Percorre a piedi l’Europa, si imbarca su una nave dopo l’altra, giunge fino in Africa. Viene più volte rimpatriato, malato e senza soldi. L’avventura è il suo scopo, la sua passione. Si tuffa in mille lavori. Invece di creare assonanze con i versi, privilegia il commercio di avorio, fucili, spezie…
Impara molte lingue ma il vuoto è sempre in agguato… Il suo bellissimo volto aristocratico convive con un corpo forte e muscoloso di ceppo contadino e forse questa dicotomia di anima e corpo spiega in minima parte il suo lungo cammino nell’inferno.
Rimbaud voleva catturare a ogni costo la gioia e quando scoprì che per lui il tempo dello scrivere era finito la cercò con una sorta di eterna ansia in qualcosa che non capiva del tutto ma che sperava gli fornisse una rivelazione.
La seconda parte della sua esistenza ci appare così solo in apparenza contraddittoria.
Anticonformista nel vero senso della parola instaurò una burrascosa relazione omosessuale con Paul Verlaine sposato con Mathilde Mauté. Per Rimbaud, Verlaine lascerà la moglie. Memorabili le loro fughe.
A Parigi, sorseggiando assenzio, nei bistros discettano di poesia e della loro vita insieme, tessono arabescati progetti, sognano un mondo che si abbevera al daimon della creatività. I litigi però si susseguono in forma esponenziale. A Londra Verlaine, esasperato dal rifiuto dell’amico a rimanere con lui, gli tira due colpi di rivoltella. Rimbaud rimane leggermente ferito a un polso. Uscito dall’ospedale riprenderà la lunga strada dei suoi incredibili viaggi.

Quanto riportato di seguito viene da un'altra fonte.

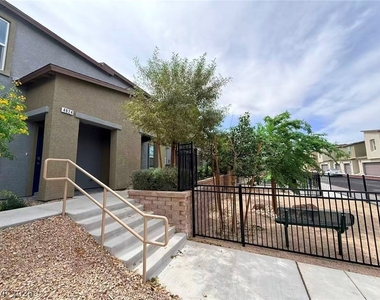 4824 Orchid Ridge Avenue - Photo Thumbnail 1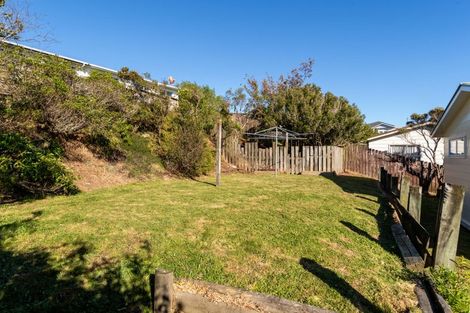 Photo of property in 74 Horokiwi Road West, Newlands, Wellington, 6037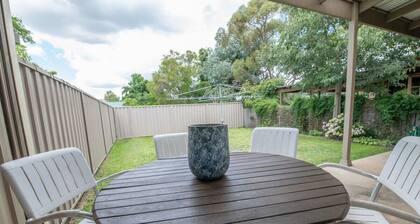 Edward Cottage - Trendy East Orange, Close to CBD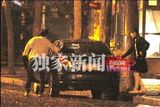 组图：李宇春深夜携白衣男进餐同返公寓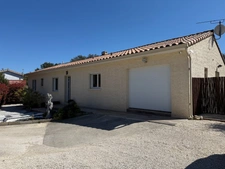 Maison de plain-pied avec piscine à vendre 6 pièces 5 chambres-QUISSAC (30) 1166m2 de terrain 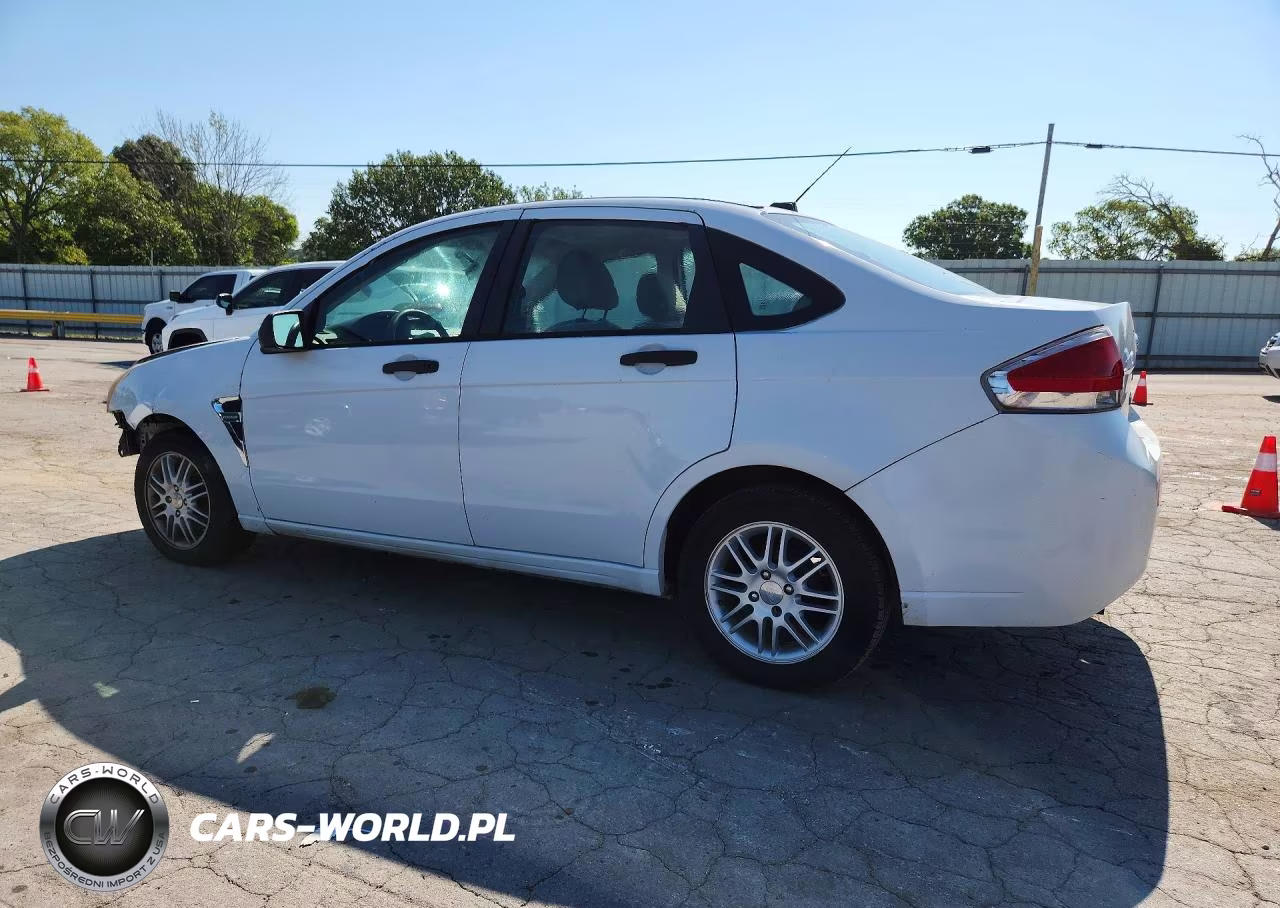 2008 Ford Focus Se VIN:1FAHP35N88W173333 - 2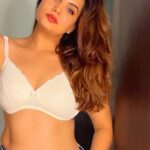 Anupama Agnihotri Instagram - Love Denim 😍 #look #looks #sections #denim #hair #natural #photo #photogram #xoxo #fyp #teamlfg #photodump #instadaily #anupmaagnihotri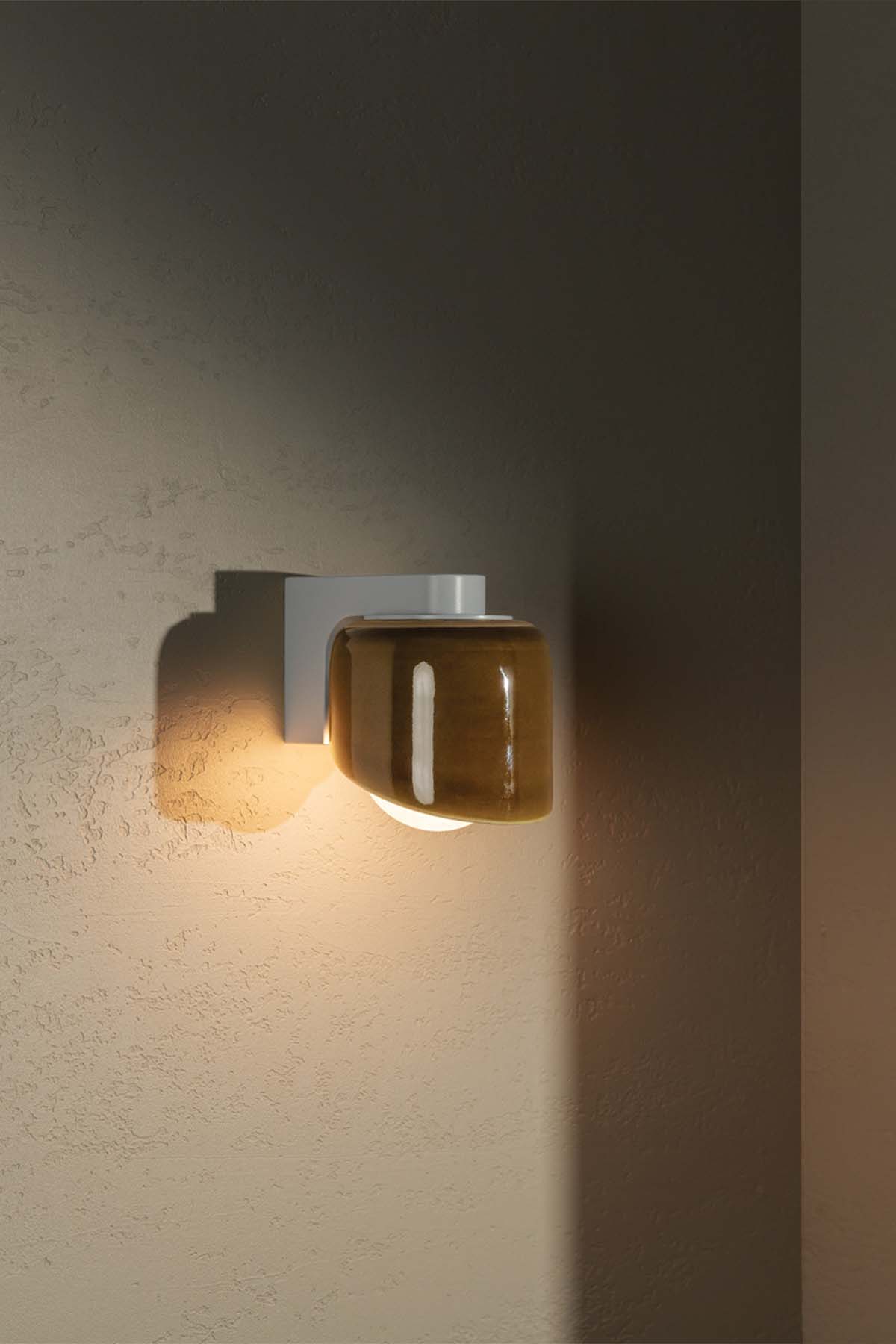 Terra 0.5 Wall Light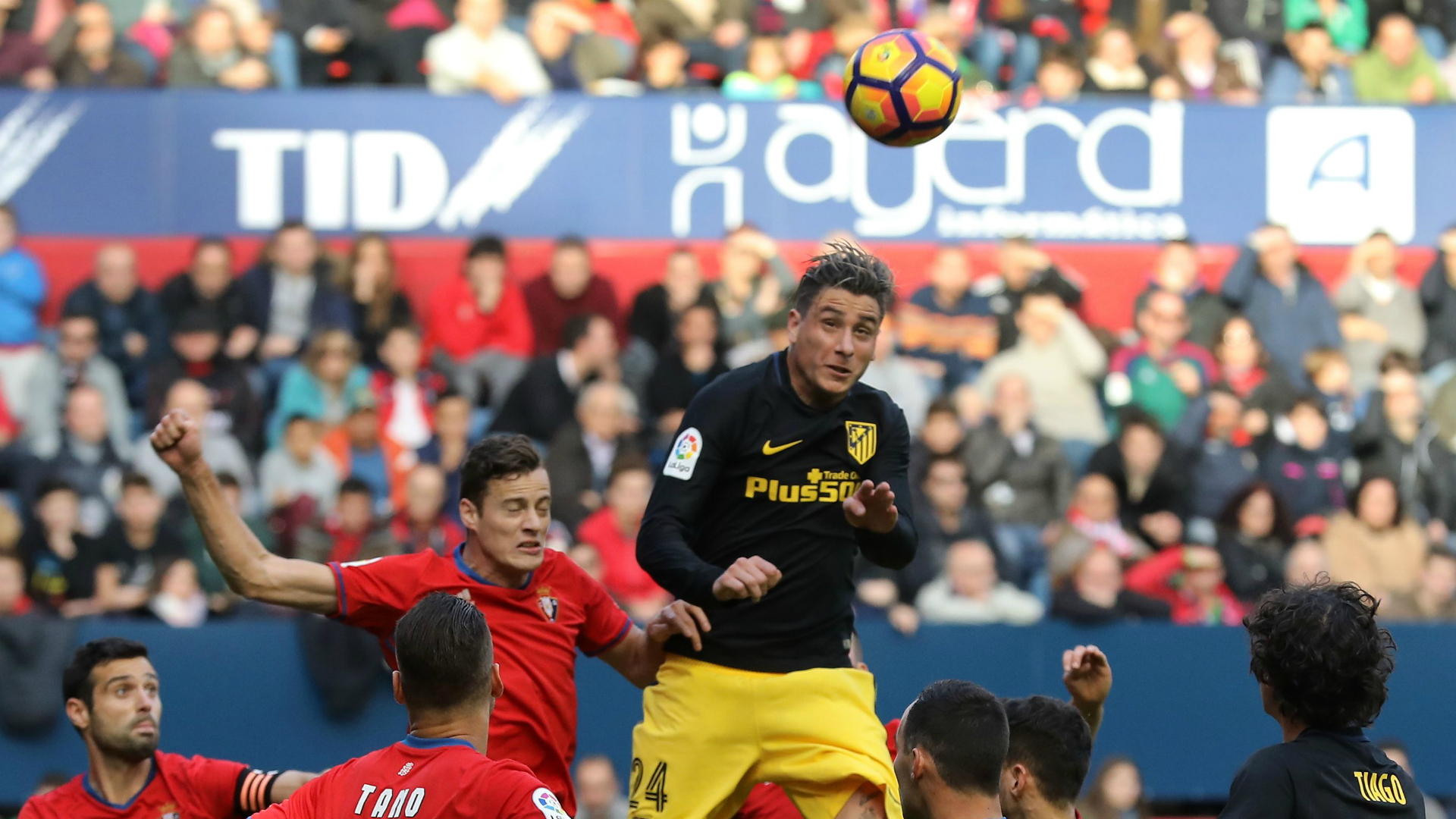 Arsenal vence al Southampton y se acerca a puestos de Champions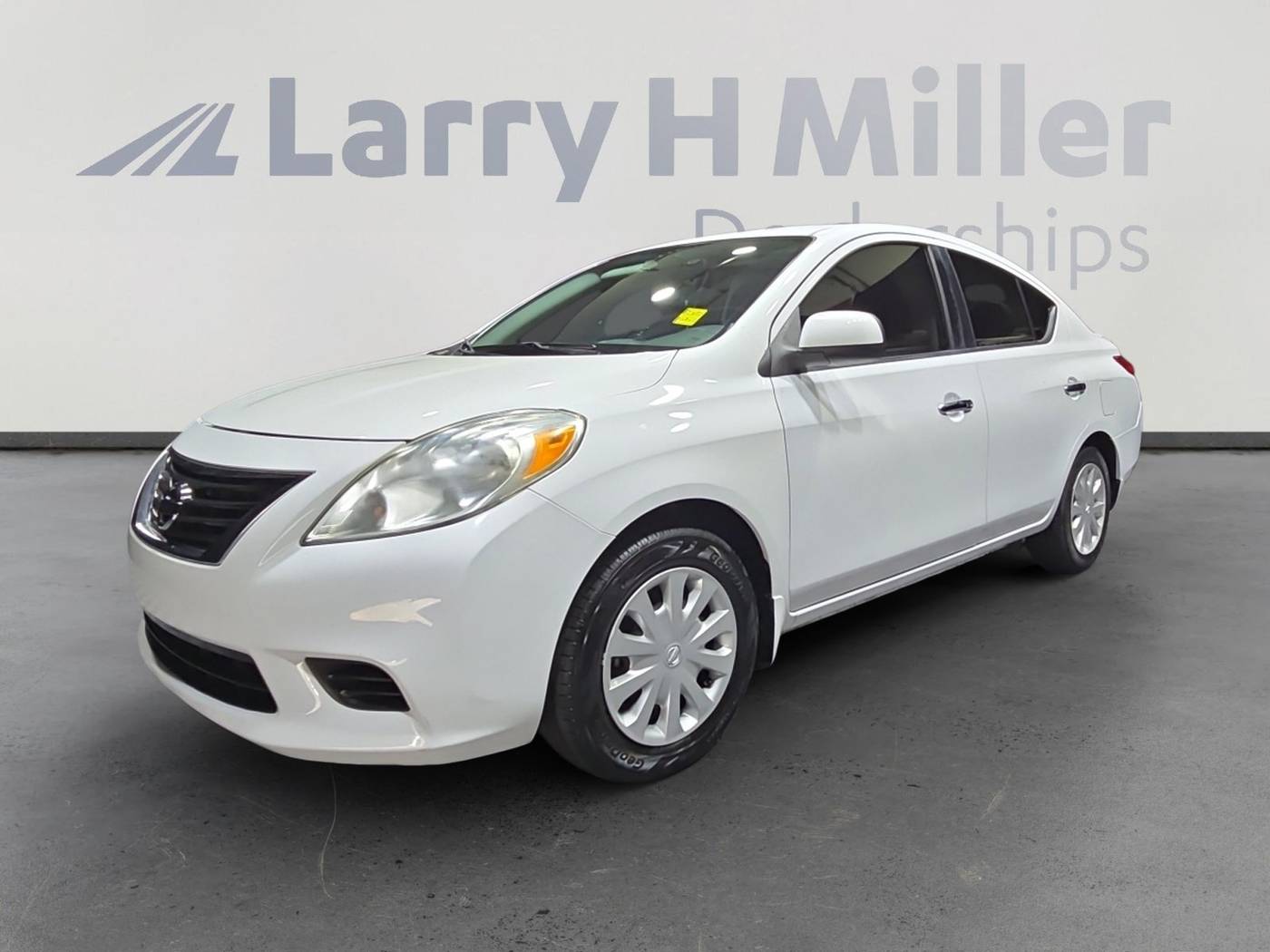 2013 Nissan Versa SV — Sedan — 73,008 mi — Mesa, AZ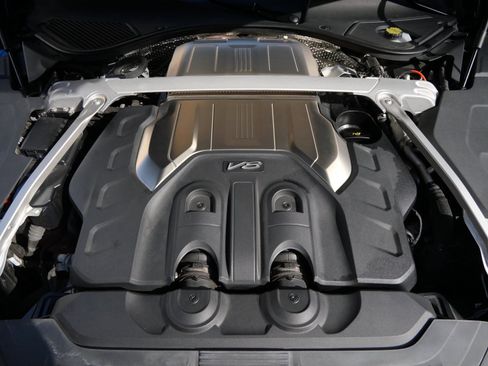 Used 2023 Bentley Continental GT V8 image 21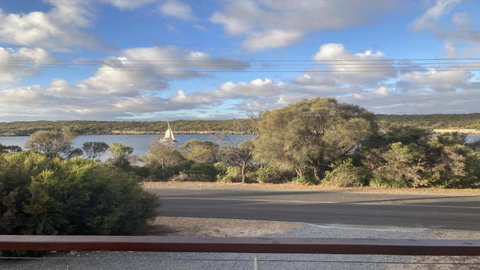 Off The Net - New Listing - Esplanade Property With Views Of The Channel - ACT Tourism 0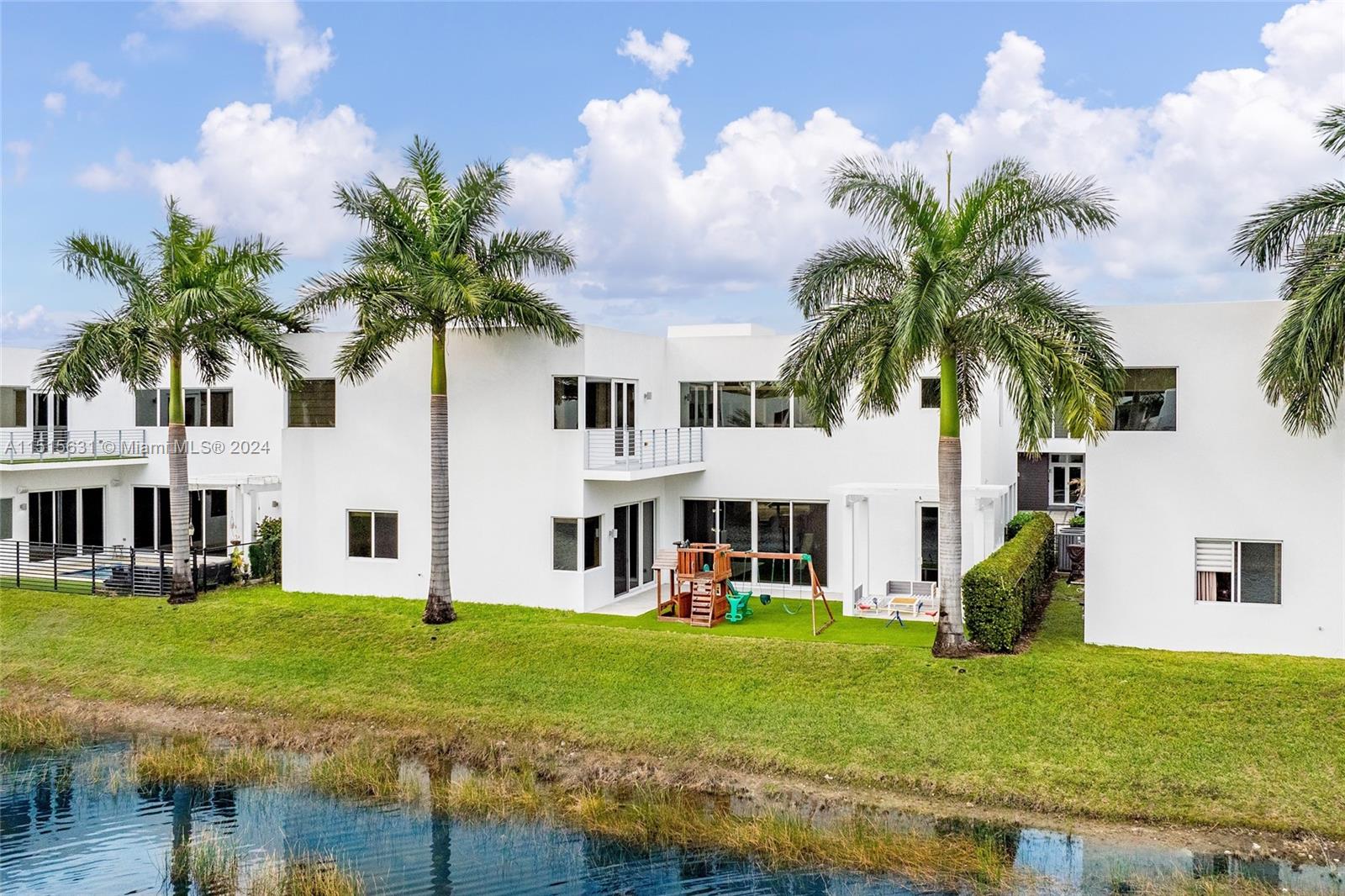 DORAL COMMONS RESIDENTIAL - Residential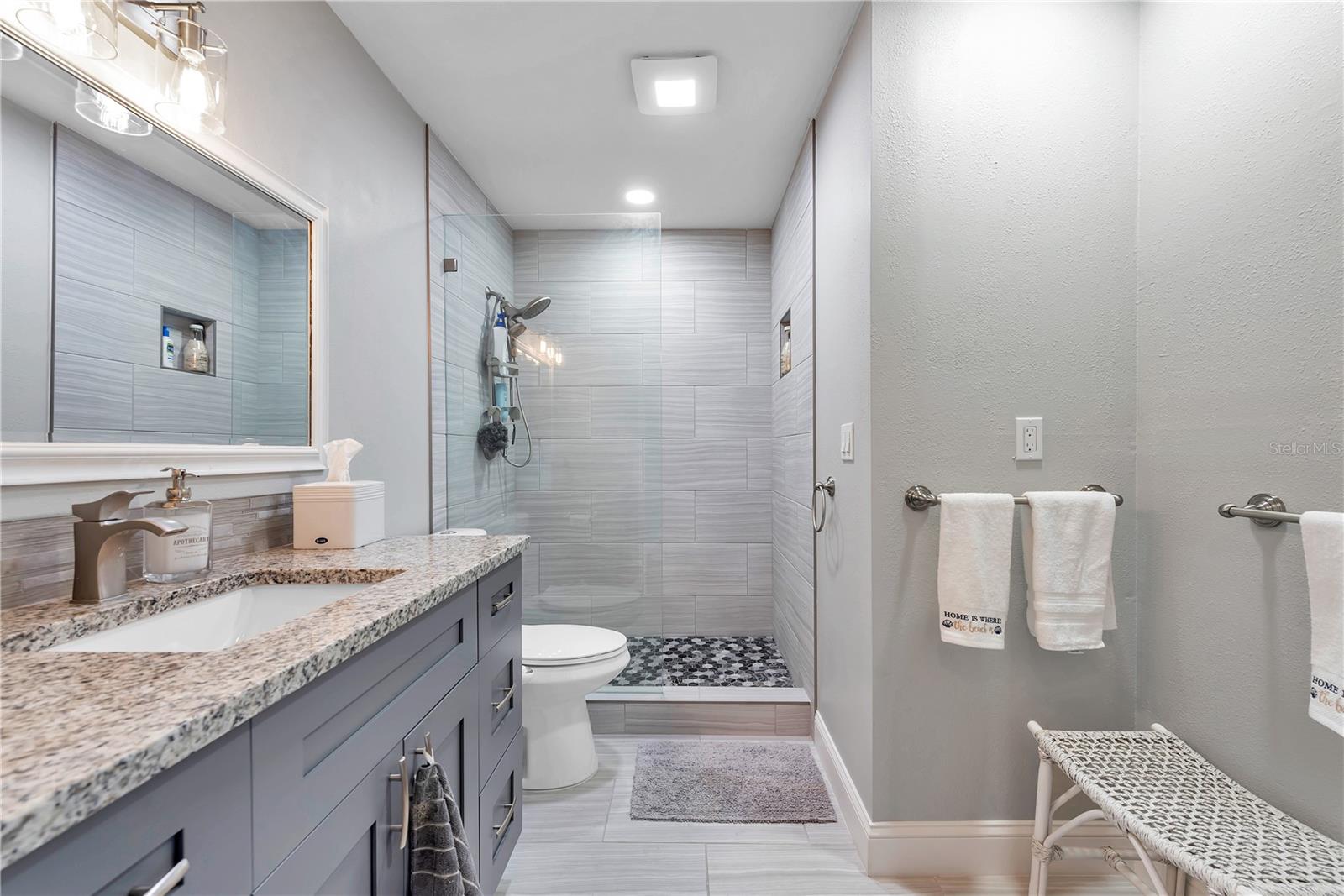 Image 19 of 45 For 5172 Coquina Key Drive Se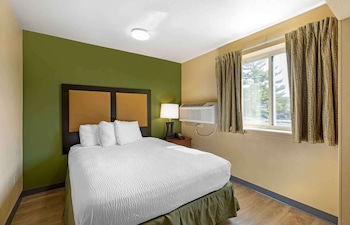 Room, 1 Queen Bed, Non Smoking, Kitchen (Sofa Bed)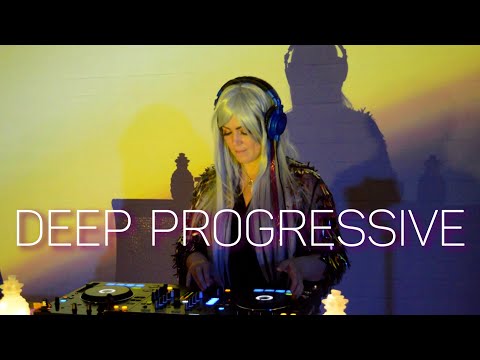 Golden Ray Fantasy 💫 Deep Progressive live DJ set with Lydia Nexus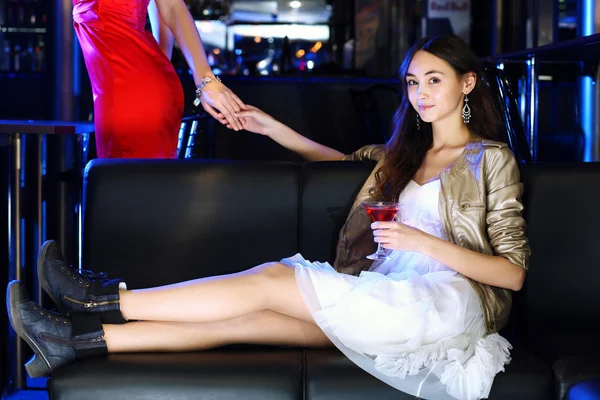 Atractiva mujer en el club nocturno con una bebida —  Fotos de Stock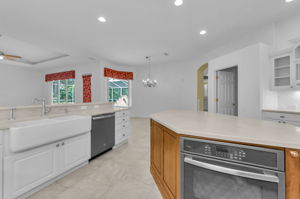 Kitchen 5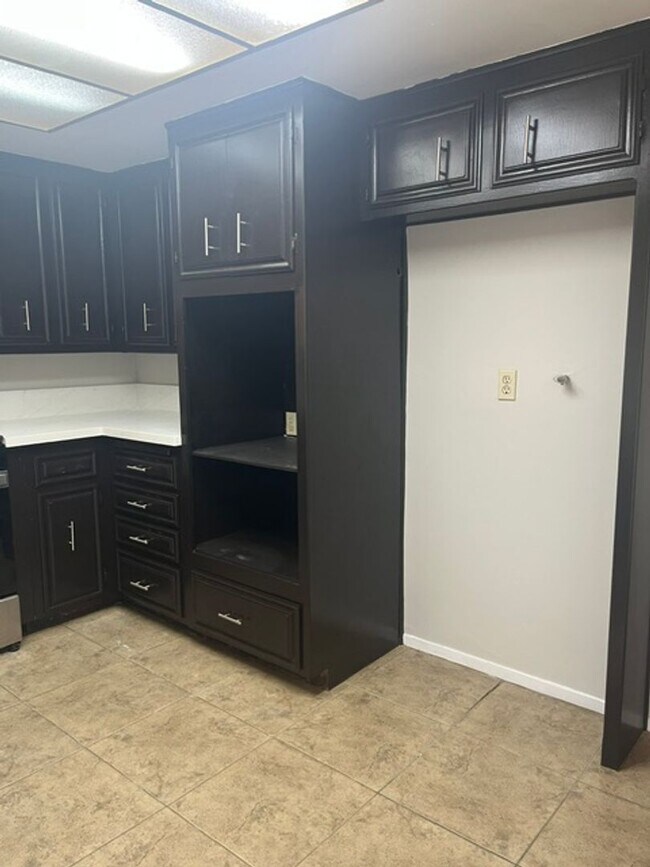 Building Photo - 7613 Quailwood Dr
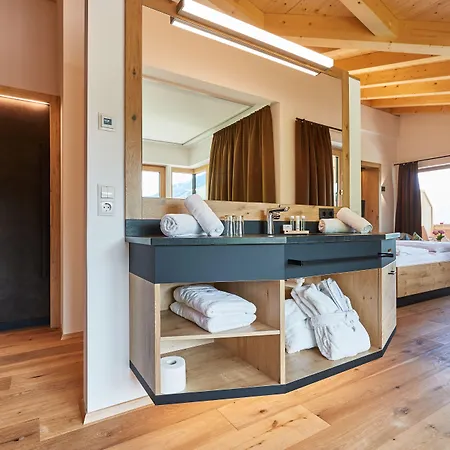Joerglerhof 4*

Verlaine forse non seppe arginare la bellezza e la forza di un ragazzo indomabile che era sempre molti passi avanti agli altri. Il nuovo spaventa e Rimbaud era troppo intriso di futuro per essere contenuto dal più conformista Verlaine.
Certamente riconobbe la genialità dell’amico perché gli dedicò un famoso saggio che rese famoso Rimbaud in tutta la Francia. Ne riportiamo un piccolo brano:
«[…] Noi abbiamo avuto la gioia di conoscere Arthur Rimbaud… Oggi certe faccende ci separano da lui senza che, al suo genio e al suo carattere sia mai mancata la nostra profondissima ammirazione… Il suo verso solidamente costruito ricorre molto di rado agli artifici… Sempre squisita la scelta delle parole… La lingua è netta e limpida. La Musa di Arthur prende tutti i toni, pizzica ogni corda dell’arpa, gratta tutte quelle della chitarra e carezza la ribeca con un archetto agile al sommo grado […]».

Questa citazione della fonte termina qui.